Ayer, ya bien pasado el meridiano del día, mientras estaba tomando algo con unos amigos, desde redacción se me encomendó la tarea de escribir un artículo sobre «una feria del vino en Porrera».
Comentaban entre risas: «¡a quien se le ocurre mandarte a ti a revisar una feria de vinos!». Quiero pensar, que la chacota de las palabras de mis compañeros y su extendido recochineo tenía que ver con su especial envidia, e iba dirigido a mi manceba edad, y no a las extensas historietas que compartimos a la compañía de vino.
Aun así, la mosca me sigue rondando. ¿Qué se supone que puedo escribir yo sobre una feria del vino?

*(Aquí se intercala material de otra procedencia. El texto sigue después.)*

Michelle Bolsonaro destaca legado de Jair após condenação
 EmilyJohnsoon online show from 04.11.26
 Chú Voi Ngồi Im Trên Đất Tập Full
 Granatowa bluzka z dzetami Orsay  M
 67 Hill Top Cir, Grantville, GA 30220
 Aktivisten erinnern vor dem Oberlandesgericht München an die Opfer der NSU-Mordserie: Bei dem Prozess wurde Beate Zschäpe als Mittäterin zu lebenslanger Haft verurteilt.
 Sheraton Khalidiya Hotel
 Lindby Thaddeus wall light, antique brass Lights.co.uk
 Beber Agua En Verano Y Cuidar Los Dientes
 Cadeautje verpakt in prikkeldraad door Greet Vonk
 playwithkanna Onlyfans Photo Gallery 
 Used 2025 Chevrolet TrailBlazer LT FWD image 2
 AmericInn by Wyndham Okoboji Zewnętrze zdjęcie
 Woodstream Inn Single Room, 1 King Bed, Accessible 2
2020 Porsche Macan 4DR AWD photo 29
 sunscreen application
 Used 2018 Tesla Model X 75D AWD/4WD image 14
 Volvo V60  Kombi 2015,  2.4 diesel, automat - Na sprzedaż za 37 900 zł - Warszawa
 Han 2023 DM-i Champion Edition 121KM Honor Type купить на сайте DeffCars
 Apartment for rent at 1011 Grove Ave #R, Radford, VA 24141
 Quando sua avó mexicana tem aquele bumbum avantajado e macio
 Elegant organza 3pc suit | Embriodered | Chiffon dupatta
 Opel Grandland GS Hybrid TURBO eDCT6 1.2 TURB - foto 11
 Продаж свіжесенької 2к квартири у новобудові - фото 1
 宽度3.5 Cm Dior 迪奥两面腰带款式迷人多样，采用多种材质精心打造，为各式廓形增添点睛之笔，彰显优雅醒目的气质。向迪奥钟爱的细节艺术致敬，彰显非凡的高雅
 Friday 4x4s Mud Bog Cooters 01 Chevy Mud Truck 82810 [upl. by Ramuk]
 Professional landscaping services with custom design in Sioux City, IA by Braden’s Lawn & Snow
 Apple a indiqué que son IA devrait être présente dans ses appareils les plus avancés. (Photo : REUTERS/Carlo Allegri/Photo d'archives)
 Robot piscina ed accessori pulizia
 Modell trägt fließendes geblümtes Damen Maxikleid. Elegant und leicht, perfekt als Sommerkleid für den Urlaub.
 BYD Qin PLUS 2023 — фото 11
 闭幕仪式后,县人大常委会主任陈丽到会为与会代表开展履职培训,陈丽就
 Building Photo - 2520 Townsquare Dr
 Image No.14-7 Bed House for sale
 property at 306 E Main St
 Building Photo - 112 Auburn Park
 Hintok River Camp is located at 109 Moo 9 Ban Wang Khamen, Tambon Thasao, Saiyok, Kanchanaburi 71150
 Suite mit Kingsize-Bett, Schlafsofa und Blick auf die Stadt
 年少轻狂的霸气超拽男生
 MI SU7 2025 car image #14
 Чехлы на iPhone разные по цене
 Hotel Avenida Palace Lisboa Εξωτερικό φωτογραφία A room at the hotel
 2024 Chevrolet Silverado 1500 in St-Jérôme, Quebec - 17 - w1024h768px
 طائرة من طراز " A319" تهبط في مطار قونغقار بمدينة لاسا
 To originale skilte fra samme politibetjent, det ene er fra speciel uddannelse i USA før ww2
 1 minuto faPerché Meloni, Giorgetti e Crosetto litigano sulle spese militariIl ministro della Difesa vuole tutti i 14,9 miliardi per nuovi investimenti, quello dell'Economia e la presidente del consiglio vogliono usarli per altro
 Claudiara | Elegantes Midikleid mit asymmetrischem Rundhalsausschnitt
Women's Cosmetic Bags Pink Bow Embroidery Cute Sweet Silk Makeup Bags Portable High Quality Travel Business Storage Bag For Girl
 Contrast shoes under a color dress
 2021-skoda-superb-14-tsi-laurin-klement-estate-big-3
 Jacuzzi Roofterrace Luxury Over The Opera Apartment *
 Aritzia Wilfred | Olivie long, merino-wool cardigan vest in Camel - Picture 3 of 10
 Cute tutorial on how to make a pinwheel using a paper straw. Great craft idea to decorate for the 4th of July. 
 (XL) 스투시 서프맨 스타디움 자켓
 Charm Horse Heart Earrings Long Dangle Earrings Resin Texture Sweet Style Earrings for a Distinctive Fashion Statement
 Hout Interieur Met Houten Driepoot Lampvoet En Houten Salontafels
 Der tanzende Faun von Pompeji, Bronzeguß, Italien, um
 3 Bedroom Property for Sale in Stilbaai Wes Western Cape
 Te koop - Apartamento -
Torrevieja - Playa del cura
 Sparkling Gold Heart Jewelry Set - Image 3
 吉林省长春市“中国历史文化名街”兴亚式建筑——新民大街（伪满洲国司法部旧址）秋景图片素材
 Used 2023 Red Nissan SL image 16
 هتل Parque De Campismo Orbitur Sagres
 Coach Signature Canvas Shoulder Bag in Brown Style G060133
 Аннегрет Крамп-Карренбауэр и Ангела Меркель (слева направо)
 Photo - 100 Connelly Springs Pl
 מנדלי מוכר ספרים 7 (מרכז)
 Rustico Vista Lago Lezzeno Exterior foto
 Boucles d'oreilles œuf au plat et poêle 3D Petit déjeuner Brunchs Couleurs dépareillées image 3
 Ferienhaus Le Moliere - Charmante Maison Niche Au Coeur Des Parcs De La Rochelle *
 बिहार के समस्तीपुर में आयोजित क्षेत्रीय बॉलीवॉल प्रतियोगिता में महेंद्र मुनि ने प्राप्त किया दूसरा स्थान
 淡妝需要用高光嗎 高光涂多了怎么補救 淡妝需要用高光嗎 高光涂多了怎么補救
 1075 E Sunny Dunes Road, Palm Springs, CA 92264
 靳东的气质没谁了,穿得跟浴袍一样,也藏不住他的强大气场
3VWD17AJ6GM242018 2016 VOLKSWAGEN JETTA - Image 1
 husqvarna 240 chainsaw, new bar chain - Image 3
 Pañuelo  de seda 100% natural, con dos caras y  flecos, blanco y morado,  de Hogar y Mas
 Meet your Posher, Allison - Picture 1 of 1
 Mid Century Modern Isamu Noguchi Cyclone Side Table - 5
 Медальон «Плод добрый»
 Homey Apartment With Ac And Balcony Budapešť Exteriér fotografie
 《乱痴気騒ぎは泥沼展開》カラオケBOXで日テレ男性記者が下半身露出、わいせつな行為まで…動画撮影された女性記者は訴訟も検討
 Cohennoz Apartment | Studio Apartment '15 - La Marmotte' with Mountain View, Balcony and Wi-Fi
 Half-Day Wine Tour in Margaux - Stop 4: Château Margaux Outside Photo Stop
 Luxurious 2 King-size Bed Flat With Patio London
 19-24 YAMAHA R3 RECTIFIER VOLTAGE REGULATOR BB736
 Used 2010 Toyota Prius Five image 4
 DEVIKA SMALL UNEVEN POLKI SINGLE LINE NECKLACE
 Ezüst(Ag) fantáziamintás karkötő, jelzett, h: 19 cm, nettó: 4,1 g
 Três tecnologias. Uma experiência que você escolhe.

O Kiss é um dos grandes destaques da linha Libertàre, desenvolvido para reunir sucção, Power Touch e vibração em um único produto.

Mi especialidad es la historia del arte, y a pesar de que los humanistas solemos pecar de pedantes, siempre estereotipados con un buen vino y un cigarro a la europea, la enología es un campo que se me escapa de mucho.
Aun así, la cosa se anima. Reúno al grupito y les propongo el plan entre las montañas del Priorat.
Llega la noche, y con ella la cancelación de mis acompañantes. ¿Y ahora qué? Tocará recurrir a aquel que siempre sufre y resigna mis contiendas fallidas: mi padre.
Llega el momento de marchar y, como una rutina cuando se acerca el frío, de la boca de mi padre sale el típico «abrígate, que ahí arriba refresca». Resoplo.
De repente, el paisaje se llena de viñedos que se asoman entre los cerros, y, después de la odisea para aparcar, nos adentramos en el paseo con las diversas mesas referentes a las bodegas del territorio, 25 en total me comenta Gerard, el presidente de la Asociación de cellers de Porrera. El Tasta Porrera lleva haciéndose desde el 2009, y ha creado un espacio de referencia donde se une gastronomía, enología, y me atrevería a decir que música, para atraer visitantes de todo el territorio. Vamos caminando y los primeros fríos de invierno quedan opacados por los aromas afrutados que te monopolizan todos los sentidos. Entre risas y charla, entre nosotros, desconocidos, o viejos amigos que se reencuentran, avanzamos mesa tras mesa, hasta que el ambiente rojo purpúreo se carga con unos aromas dulces de paella, estofados, pa amb tomàquet y diversos postres. ¡Pero en que clase de paraíso nos estamos adentrando! Ya con la última consumición de la cata, y con un plato de comida en la mano, mi padre se sienta cerca del río Cortiella, mirando a un pintoresco puente que queda adornado entre viñedos, sonríe, y con cuidado murmura «ves como tenías que coger abrigo. Aquí arriba refresca más».
Y es ahí donde me doy cuenta de que, esto va mucho más allá del vino; se trata de momentos, sonrisas, amigos y familia. Un pequeño lapso entre la monotonía mundana para rescatar la identidad cultural que tanto nos enorgullece a través de preservar y valorar los años de historia, la experiencia, el paisaje y las tradiciones propias del cultivo de una región majestuosa.